Like the old boy said "reality is an illusion albeit a persistent one.
Einstein just missed the universal machine/number as the universal
audience and performer, like Gödel, despite he is the first one to see
the isomorphism between (recursive) computation and number (sigma_0)
relations (Gödel missed also the Church-Turing thesis).
We should expect that most people are afraid by the elephant in the
room, also.
Bruno
Bruno
We know that mathematicians can use the language of mathematics to
write stories about irrational numbers, but nobody has ever
seen a irrational number of anything in the physical world.

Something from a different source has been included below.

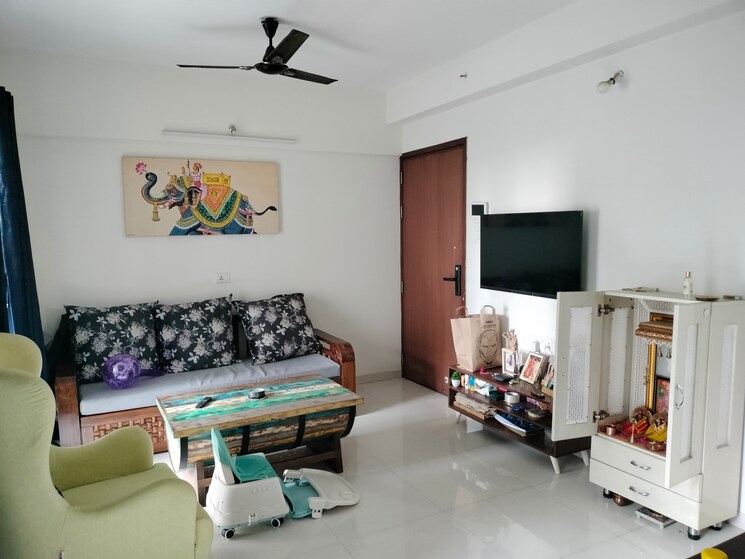 Living Room, pride-purple-park-connect 2 Bedroom 676 Sq.Ft. Apartment In Hinjewadi Pune 9811246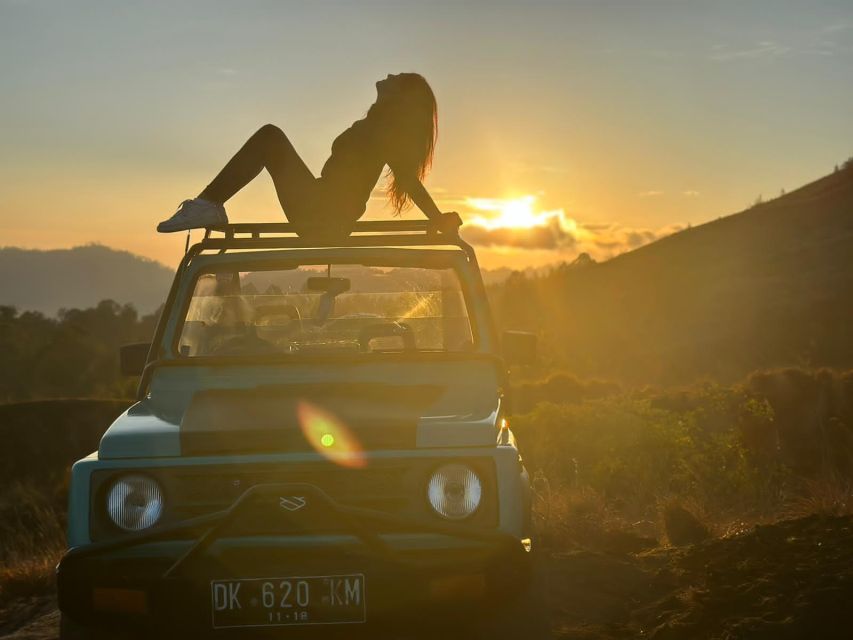 Private Jeep Sunrise & Black Lava Tour With Breakfast - Tour Details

And we know that a English professor can write stories about The
Lord Of The Rings, but noddy has ever seen Frodo Baggins or
The Shire.
> if your conjecture were true, it would be impossible for
irrational numbers to exist, since recurring repetitions of subset
strings would be impossible to avoid.
If the conjecture is true then there might be a
infinite number of Turing Machines in the Multiverse but they
couldn't communicate with each other and none of them would have a
infinite amount of tape. So any real Turing Machine in the
Multiverse is certain to eventually stop, not for any software
reason but because of hardware failure. Eventual any real Turing
machine will get a command like "move the read/wright head one box
to the left write a 1 in the box and then change to state
6.02*10^23" but it will be unable to move one box to the left
became it is already at the end of the tape and there is no more
matter in the observable universe to extend it. If no physical
process can produce them that seems to me a pretty good indication
that the physical universe doesn't need irrational numbers (or even
real numbers). Many Worlds is a theory about physics not
mathematics so the philosophic debate about the existence or
nonexistence of irrational numbers has no bearing on existence or
nonexistence of Many Worlds.
I am not sufficiently knowledgeable about Turing machines to
comment. HOWEVER, if you prefer, forget about number theory and
consider the FINITE AGE of our universe, the observable and
unobservable regions. It's been expanding for 13.8 billion years,
so its spatial extent must be FINITE. This undercuts your argument
about infinite repetitions of whatever.